I want to update you on how my knee/IT band is doing. It’s doing okay. I met briefly with a PT on Tuesday night and he confirmed that I do have IT Band Syndrome. He pushed and prodded and stretched me around; and then he told me he didn’t think I would be healed enough to run a marathon on May 25th, especially since I couldn’t run 50 feet without pain. He told me to stop running; to ice, massage, and work on hip strengthening exercises and to set up reoccurring appointments with a PT if the pain didn’t get better.
He must have seen the look in my eyes when I asked him when I could run again. He told me to take another full week off, then reevaluate my marathon plans.

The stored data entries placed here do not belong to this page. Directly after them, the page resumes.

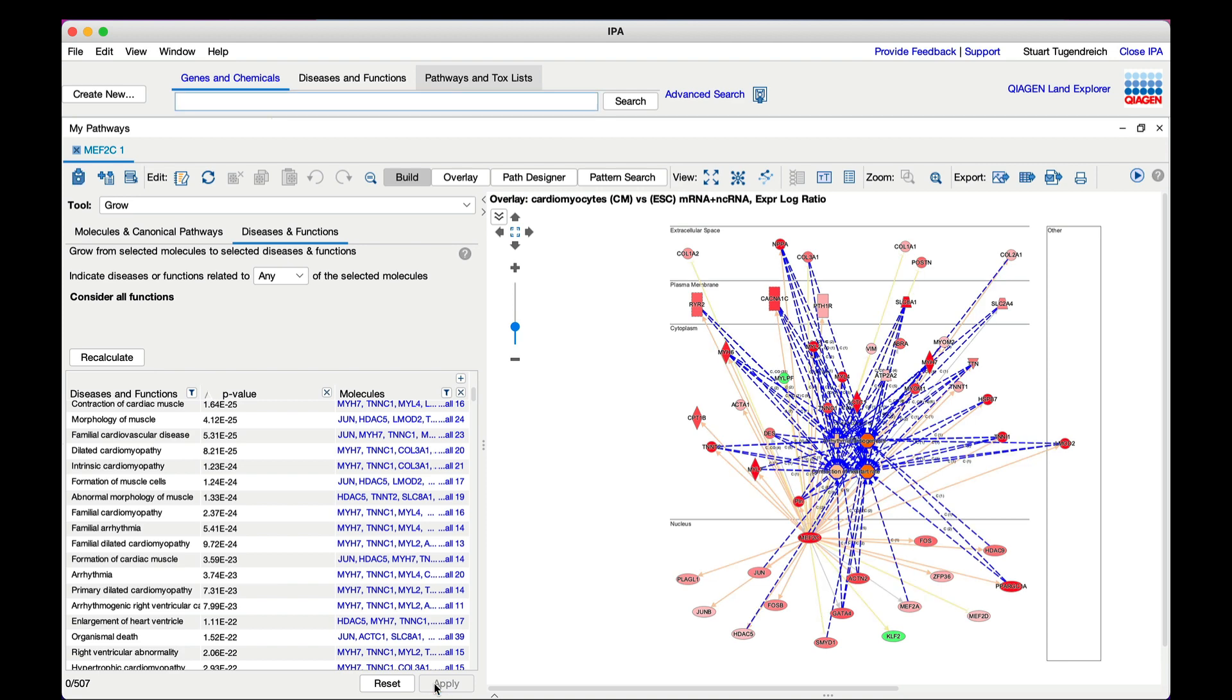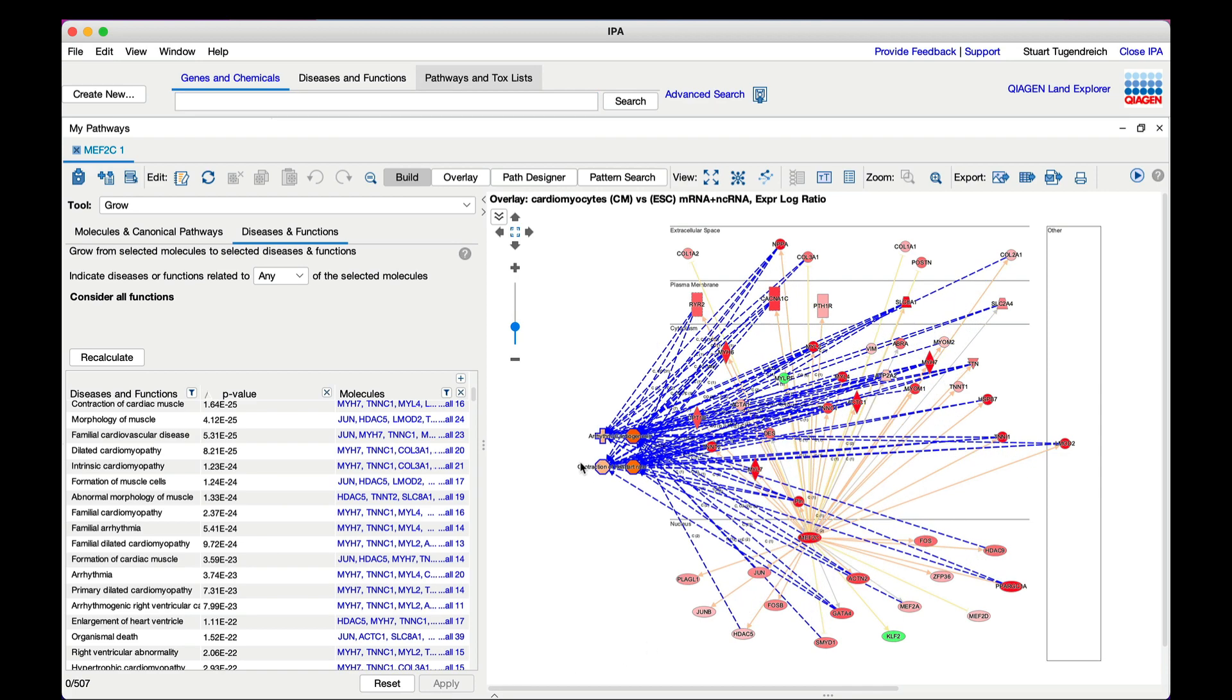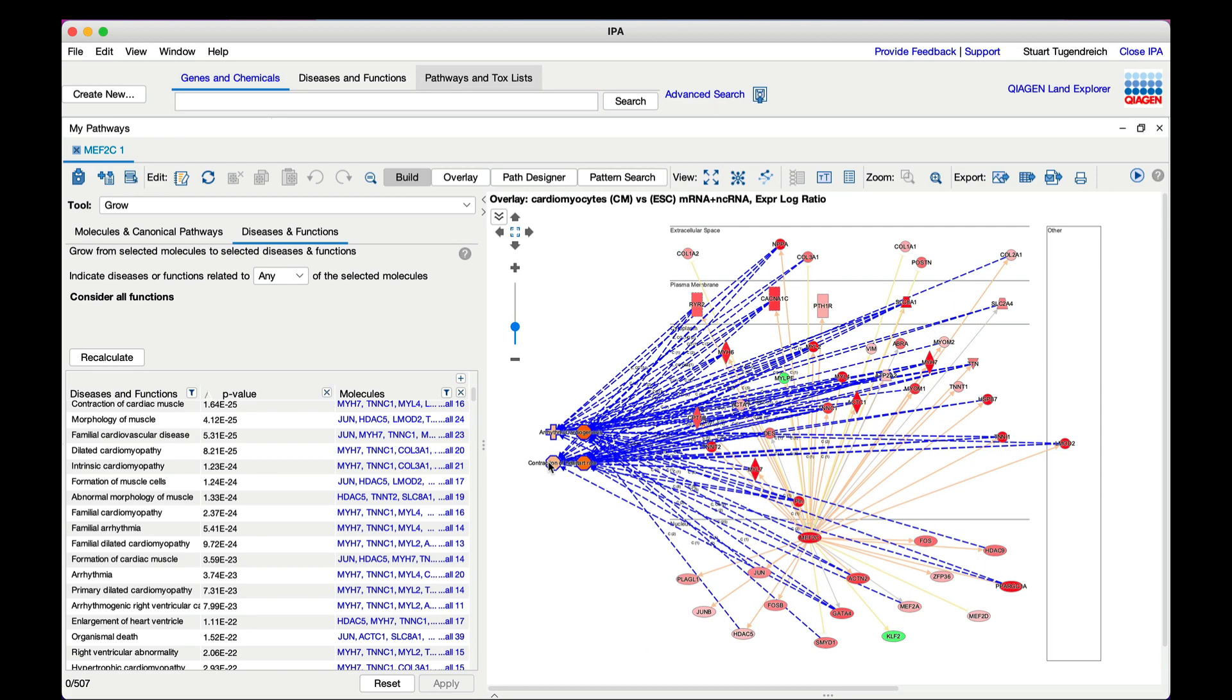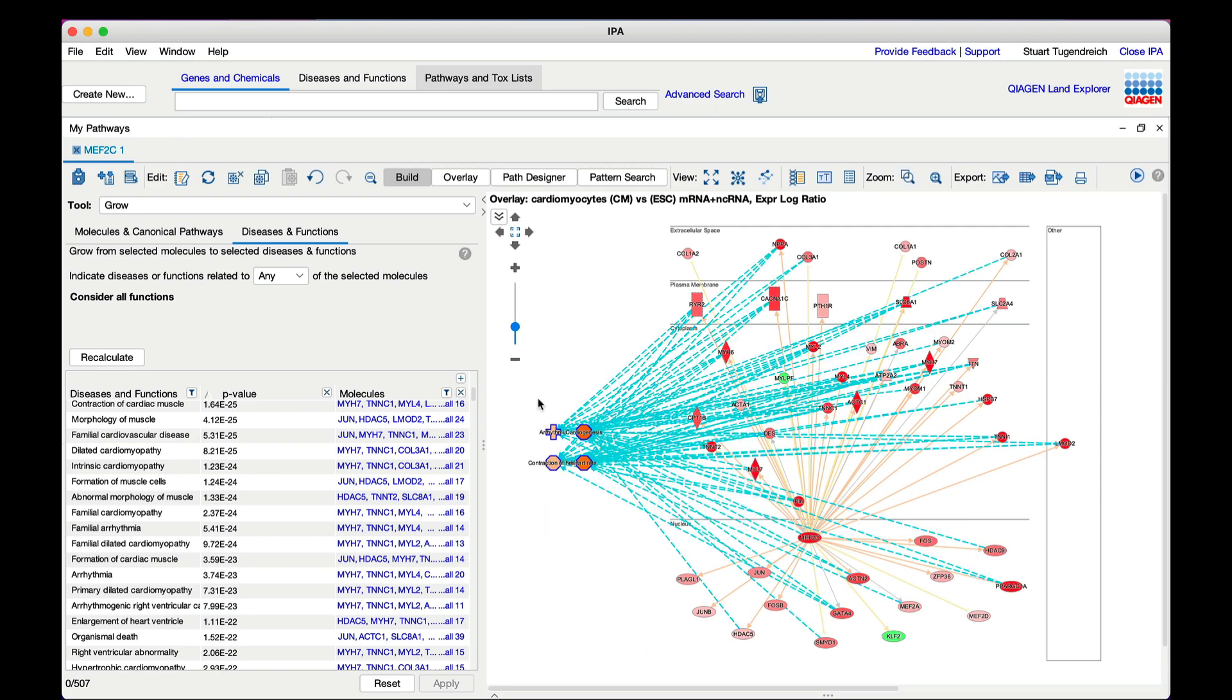IPA automatically makes a prediction that all four of the functions are likely increasing in the cardiomyocyte dataset, as indicated by their orange coloring.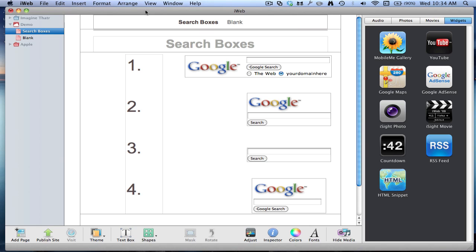Hello YouTube, in this video I'm going to be showing you how you can add a Google search box to iWeb. Okay, so these are the four options in the search box that you've got to have.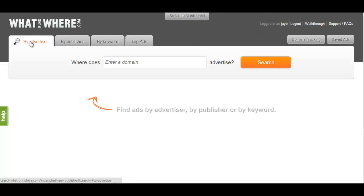What Runs Where offers the ability to search through a database of who is advertising on a specific website, who's selling the inventory for them, demographic info, and the top ads on that site.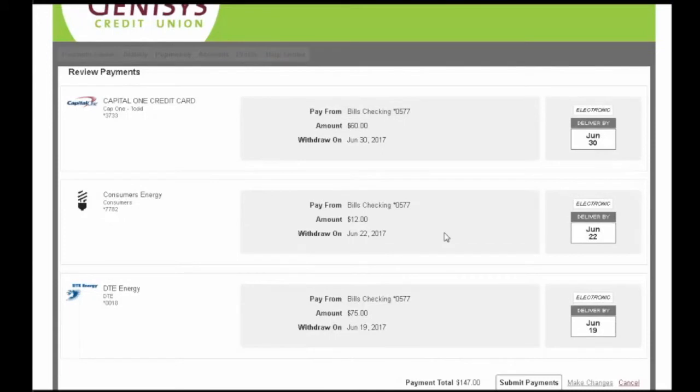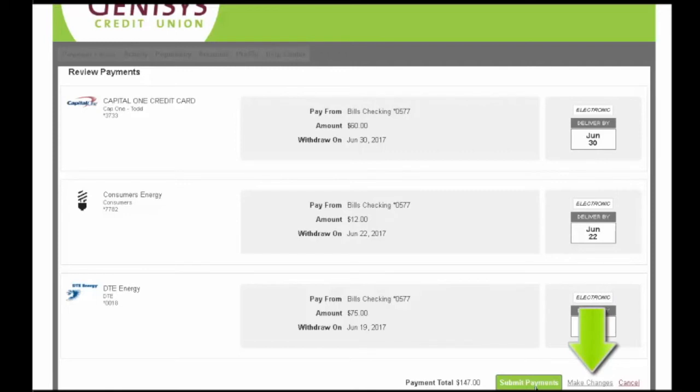Verify your payments on the Review Payments screen and choose Make Changes to adjust or modify any payment. Select Submit Payments to Complete.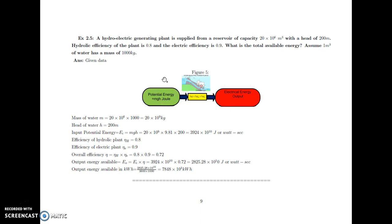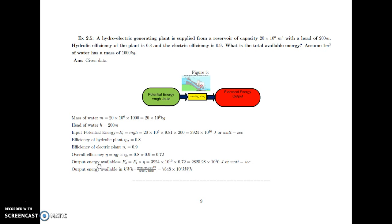The head is 200 metres. We are converting potential energy into electrical energy, so the input is potential energy and the output is electrical energy. Potential energy is equal to mgh — mass into gravitational force into height. Substituting mass, g as 9.81, and height as 200 metres, we get 3924 into 10 raised to 10 joules or watt-seconds. Hydraulic efficiency is 0.8 and electrical efficiency is 0.9, so overall efficiency is 0.8 into 0.9 equals 0.72. Output energy available equals input energy into efficiency: 3924 into 10 raised to 10 into 0.72.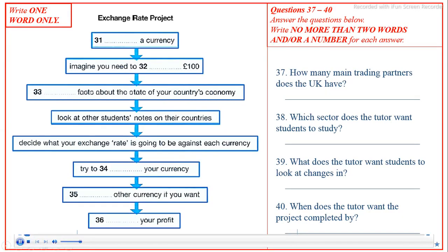Test 4, Section 4. You will hear a tutor giving some business students instructions about a finance project. You now have 30 seconds to read questions 31 to 36.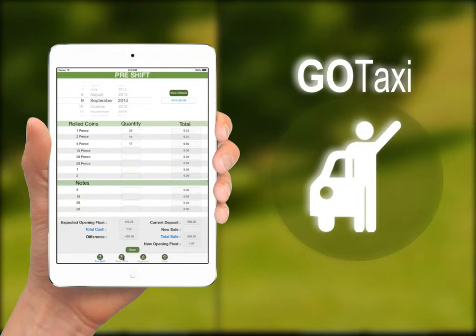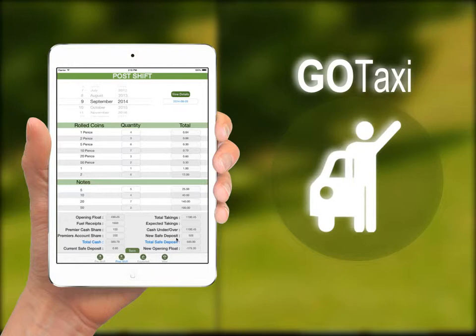The post-shift screen shows the current date. The rest of the fields are populated with the values entered in your previous shift, like coins, cash, and opening float details. The new save deposit is entered manually after checking the total takings and the expected takings. When the work is finished you can hit the save button.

In his exact words “I wouldn’t recommend it and I wouldn’t do it; it would be the most excruciatingly painful decision of your life and it may mess you up for awhile. When it doesn’t hurt to run, run.”
Not quite the advice I got on Pinterest, but what does this guy know—he’s only studied exercise physiology, recovery and the human body for 7 years. So I have a week (more like 5 days now) to get better. I need to decide by May 1st if I want to transfer and sell my bib or defer or hope I heal enough and go for it.
What would you do?
There is so much conflicting advice out there, it gets confusing. And the pain actually seems more intense this week than last week so I backed off strength training (squats, deadlifts, split squats) my lower body and am only doing hip strengthening exercises and stretches below the belt.
And I’ve been so down about it. I’ve felt sad and angry and then guilty for feeling sad and angry about such a little thing. It probably doesn’t help that I basically went from exercise endorphin high to exercise endorphin high the last few months and now I don’t have that anymore.
Not doing the marathon would be a huge letdown; one that is hard to explain to non-running folks. It’s almost like on December 22nd finding out Christmas is cancelled. You’ve done so much work and spent so much time and money—all for nothing. No big day to celebrate.
I’ve put so many early, tough, snowy runs in my running “bank” telling myself that every deposit was worth it because I would draw from it on marathon day and complete a huge life goal. Without it, I feel wasted.
In our imaginary coffee date I would probably sigh here and say something like “There will be other marathons” or “I could still heal up in time”. I might come up with a pity quote like: “If you’re afraid of missing the boat, remember the Titanic; sometimes when things don’t go as planned it’s not a bad thing”. And you would nod and smile and try to be chipper too, but because we’re friends you would know I don’t mean those things at all.
It would be okay with you if I cried about a stupid marathon. It would be okay if I was illogical and had a pity party. You might even join me in it. You would laugh when I told you when I see someone out running I get an urge to rush over and give them a good shove because it pisses me off that they are running and I can’t.
I may still be able to do it; I’m not giving up hope yet. And I’m blessed no matter what—I know that, I just don’t feel it right now. Thanks for listening and for letting me “spill” over a cup of coffee.
Your prayers, advice, good vibes, and pity party streamers are appreciated.